== Prompt ==
Could you restate the data word for word and drop the pictures?

Pictures with short captions:
== Segment start ==

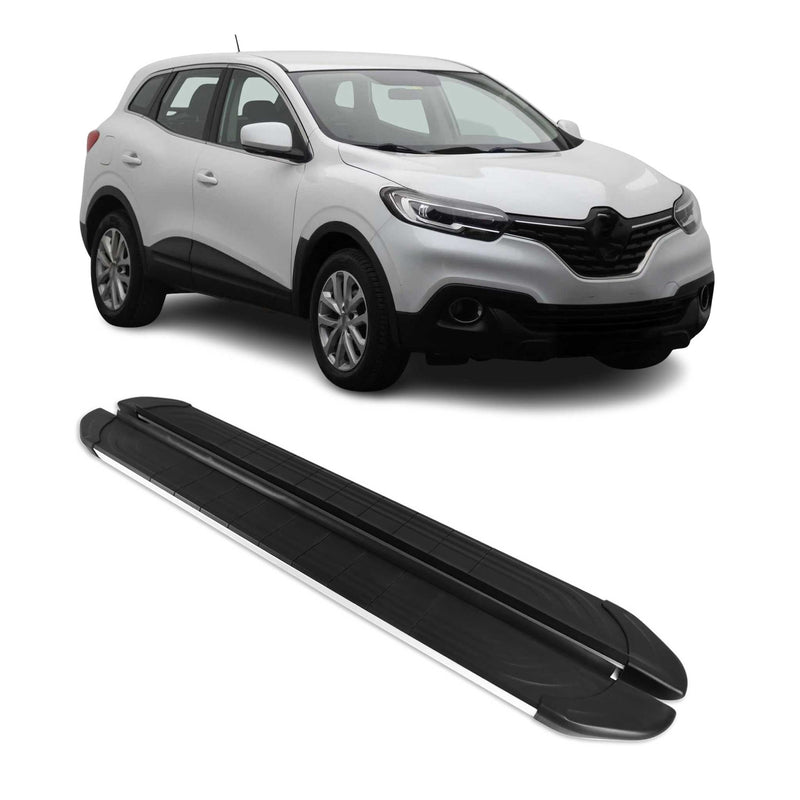 Trittbretter Seitenschweller für Renault Kadjar 2015-2025 Aluminium Schwarz Grau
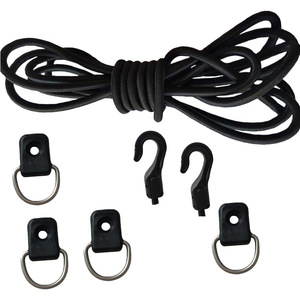 Accessoire de kayak, corde élastique de 5 mm x 2 m avec crochets, anneau en D en acier inoxydable pour la pêche et les loisirs - Product Image 1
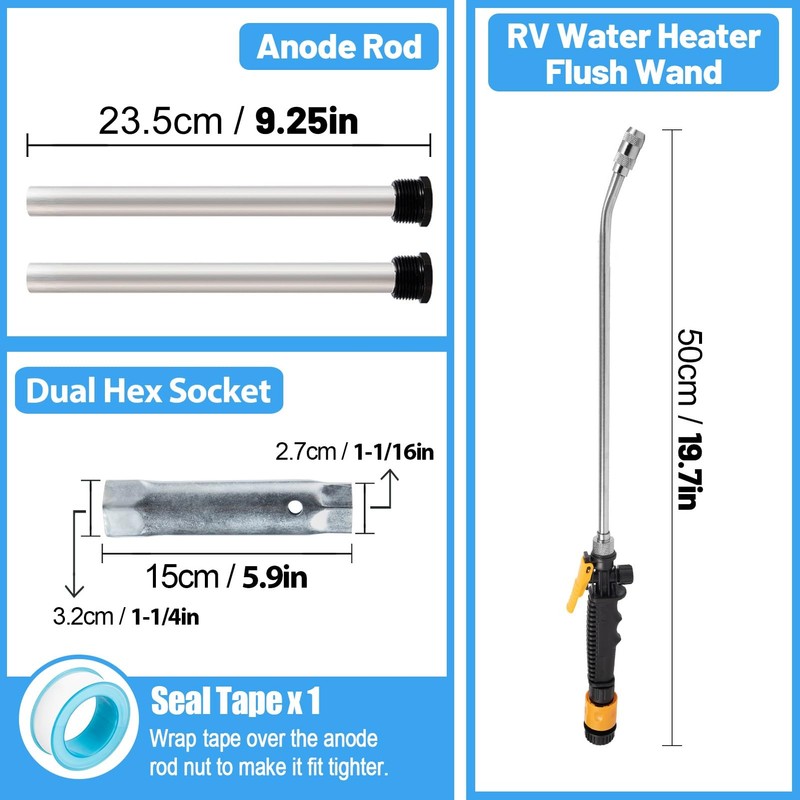 5Pcs RV Water Heater Anode Rod & Flush Wand &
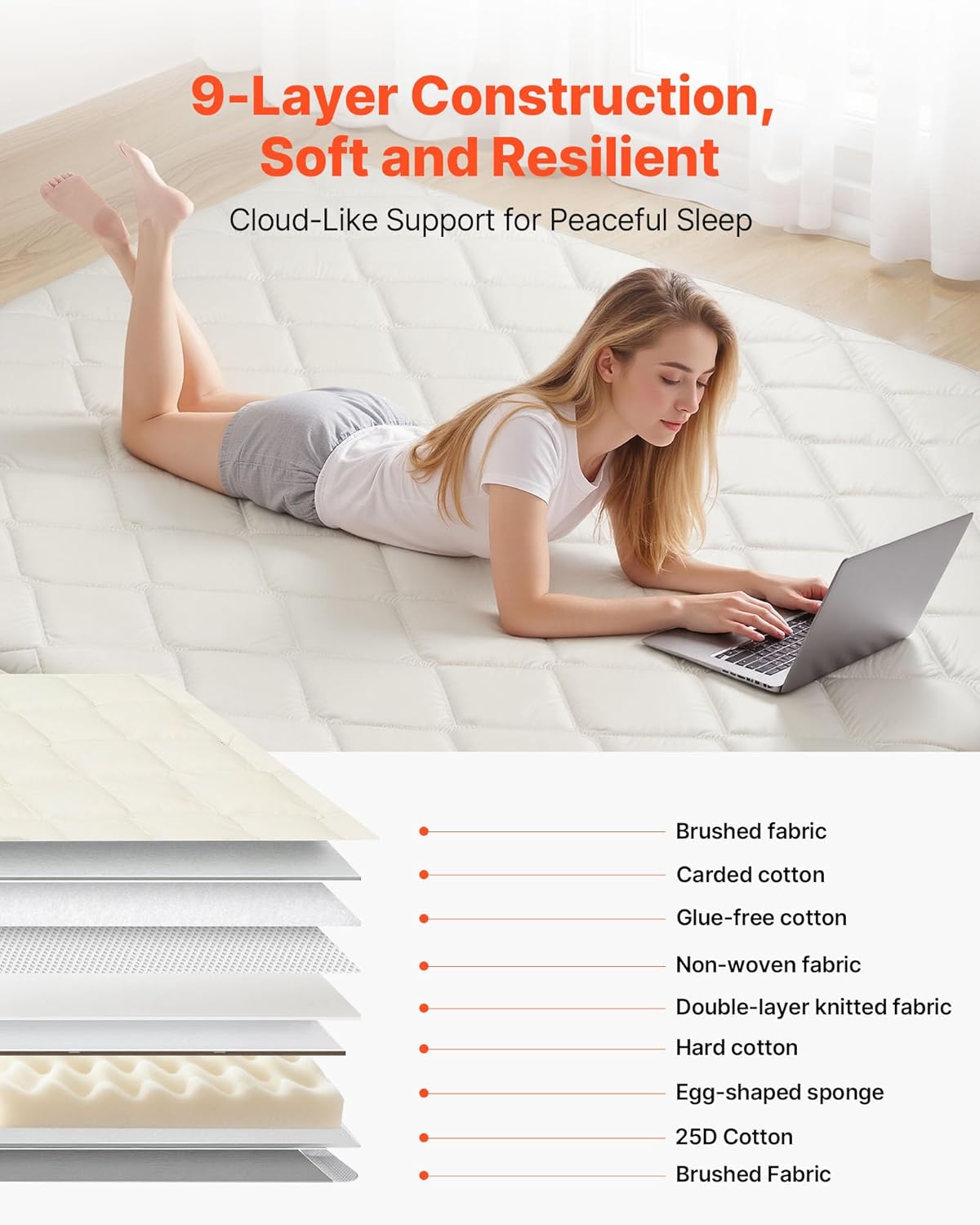 VEVOR Japanese Floor Mattress, Futon Mattress, 100% High Density Comfortable Foam, Foldable Tatami Mat with Storage Bag, Sleeping Pad for Camping Dormitory Yoga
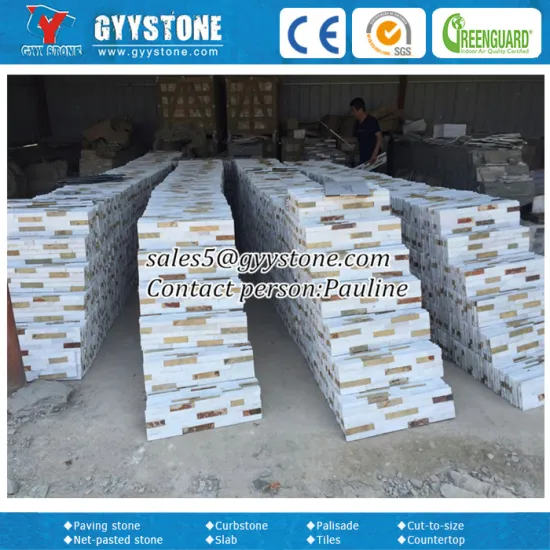 New stacked stone with mixed color for garden wall decoration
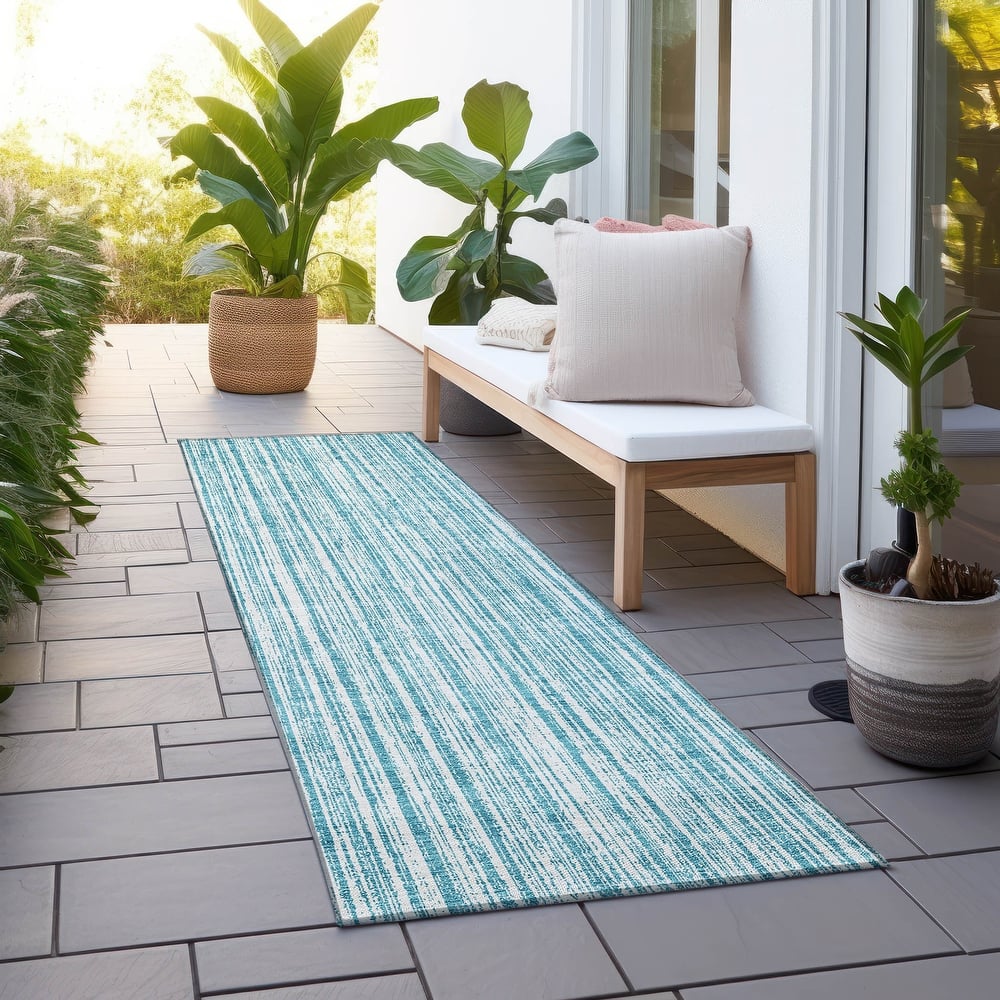 Machine Washable Indoor/ Outdoor Chantille Contemporary Striped Rug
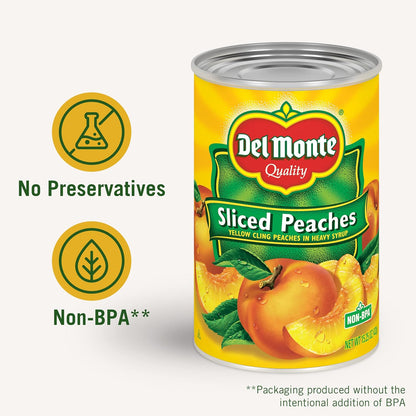 DEL MONTE Yellow Cling Sliced Peaches in Heavy Syrup, Canned Fruit, 15.25 oz Can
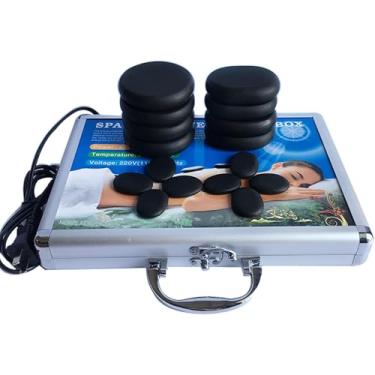 Imagem de Pedras Quentes De Basalto Para Massagem, Pedras De Massagem Quente Portáteis Com Kit De Aquecedor, Pedras Aquecidas Para Spa Massagem Terapêutica Relaxamento, Color, B
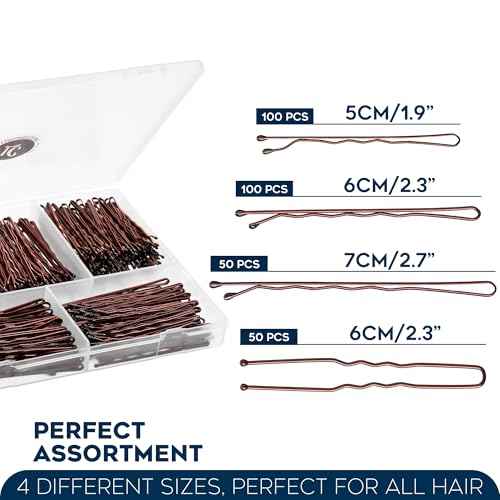 300 Pack Brown Bobby Pins Set by Luxurecourt, 3 Assorted Sizes of Large and Small Premium Bobby Pins + Regular Size U Shaped Hair Pins for Buns, Updo Style - Nonslip with Rounded Ends.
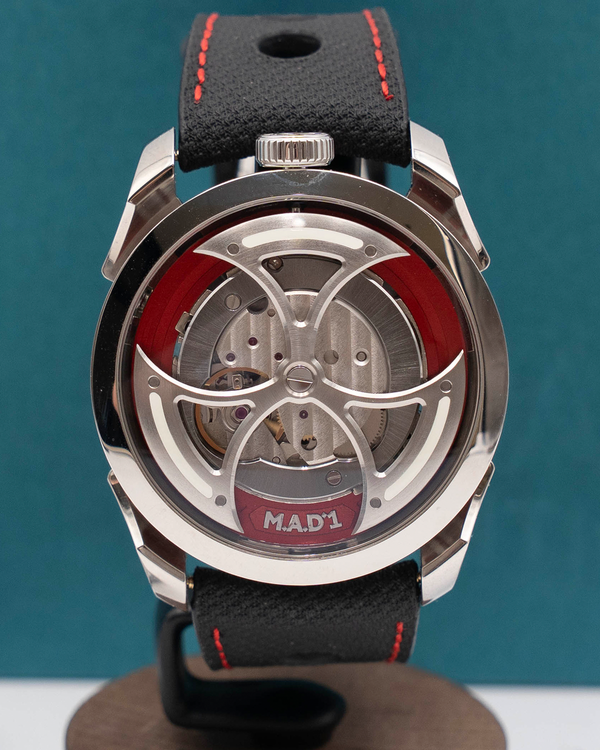MB&F MAD Edition 1 Red 42MM Skeleton Dial Leather Strap (M.A.D. 1)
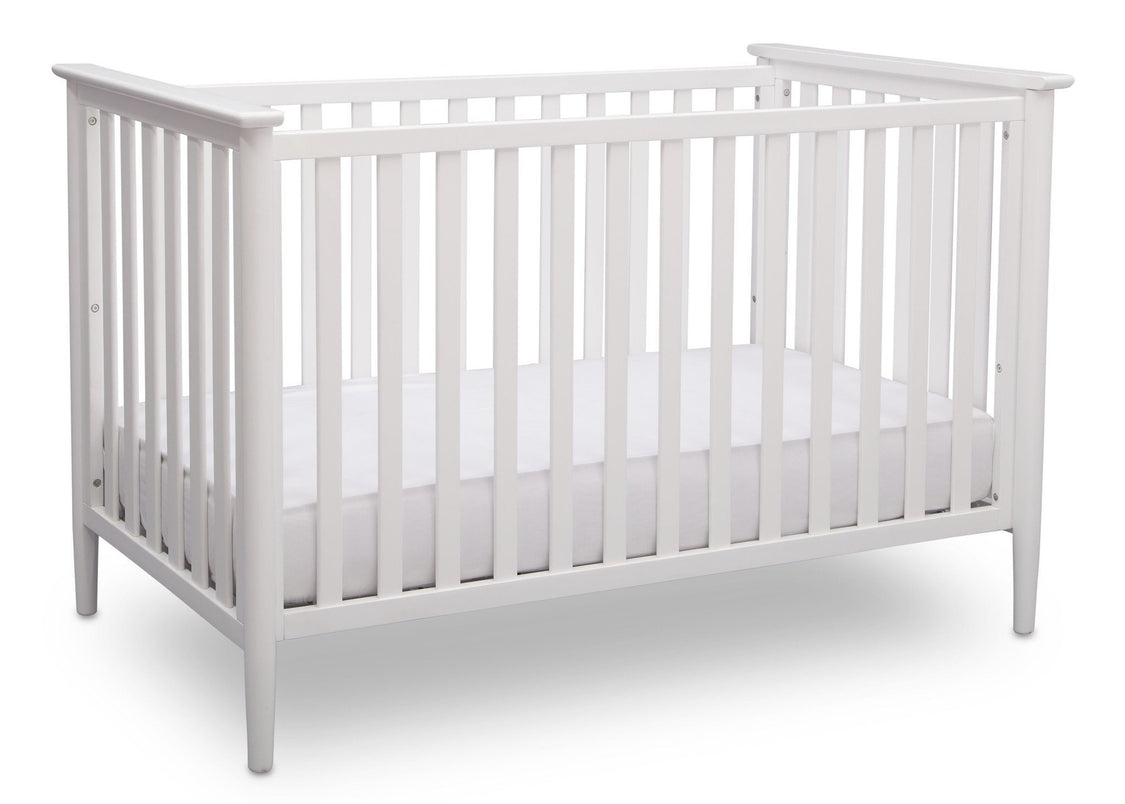 Delta Children Bianca White (130) Greyson 3-in-1 Crib, Angled View, a2a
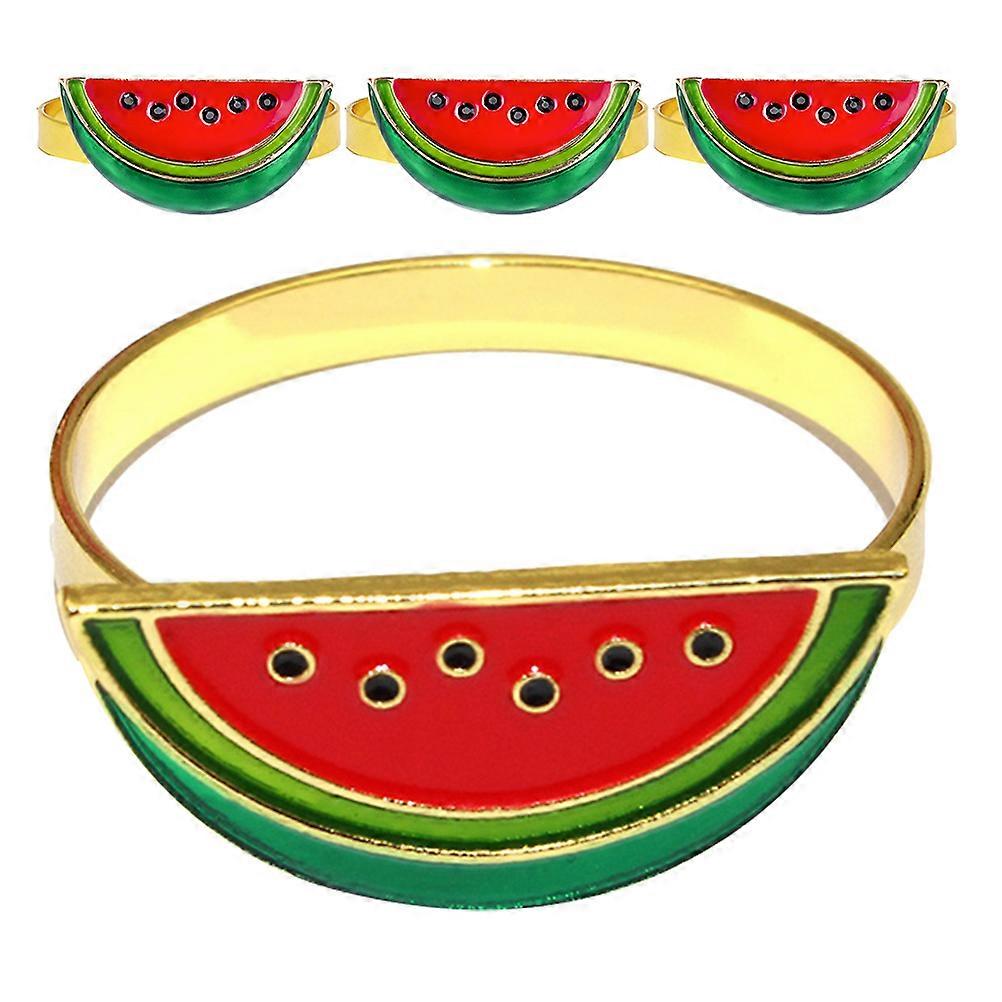 Portatovaglioli da tavolo hawaiano Portatovaglioli Anguria Portatovaglioli Multi Color Forma quadrata per riunioni di famiglia Cene 3,60X3,60X2,90 CM 4 pezzi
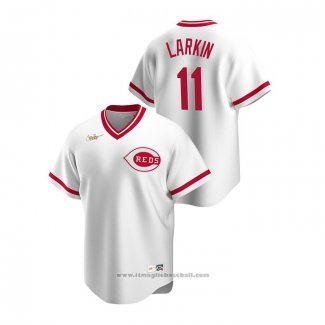 Maglia Baseball Uomo Cincinnati Reds Barry Larkin Cooperstown Collection Home Bianco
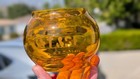 Atchison Topeka   Santa Fe Corning Amber Short Railroad Lantern Globe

== Segment end ==

== Answer to this problem ==
 Trittbretter Seitenschweller für Renault Kadjar 2015-2025 Aluminium Schwarz Grau
 Accessoire de kayak, corde élastique de 5 mm x 2 m avec crochets, anneau en D en acier inoxydable pour la pêche et les loisirs - Product Image 1
 5Pcs RV Water Heater Anode Rod & Flush Wand &
 VEVOR Japanese Floor Mattress, Futon Mattress, 100% High Density Comfortable Foam, Foldable Tatami Mat with Storage Bag, Sleeping Pad for Camping Dormitory Yoga
 New stacked stone with mixed color for garden wall decoration
 Machine Washable Indoor/ Outdoor Chantille Contemporary Striped Rug
 DEL MONTE Yellow Cling Sliced Peaches in Heavy Syrup, Canned Fruit, 15.25 oz Can
 Imagem de Pedras Quentes De Basalto Para Massagem, Pedras De Massagem Quente Portáteis Com Kit De Aquecedor, Pedras Aquecidas Para Spa Massagem Terapêutica Relaxamento, Color, B
 300 Pack Brown Bobby Pins Set by Luxurecourt, 3 Assorted Sizes of Large and Small Premium Bobby Pins + Regular Size U Shaped Hair Pins for Buns, Updo Style - Nonslip with Rounded Ends.
MB&F MAD Edition 1 Red 42MM Skeleton Dial Leather Strap (M.A.D. 1)
 Delta Children Bianca White (130) Greyson 3-in-1 Crib, Angled View, a2a
 Portatovaglioli da tavolo hawaiano Portatovaglioli Anguria Portatovaglioli Multi Color Forma quadrata per riunioni di famiglia Cene 3,60X3,60X2,90 CM 4 pezzi
 Maglia Baseball Uomo Cincinnati Reds Barry Larkin Cooperstown Collection Home Bianco
 Atchison Topeka   Santa Fe Corning Amber Short Railroad Lantern Globe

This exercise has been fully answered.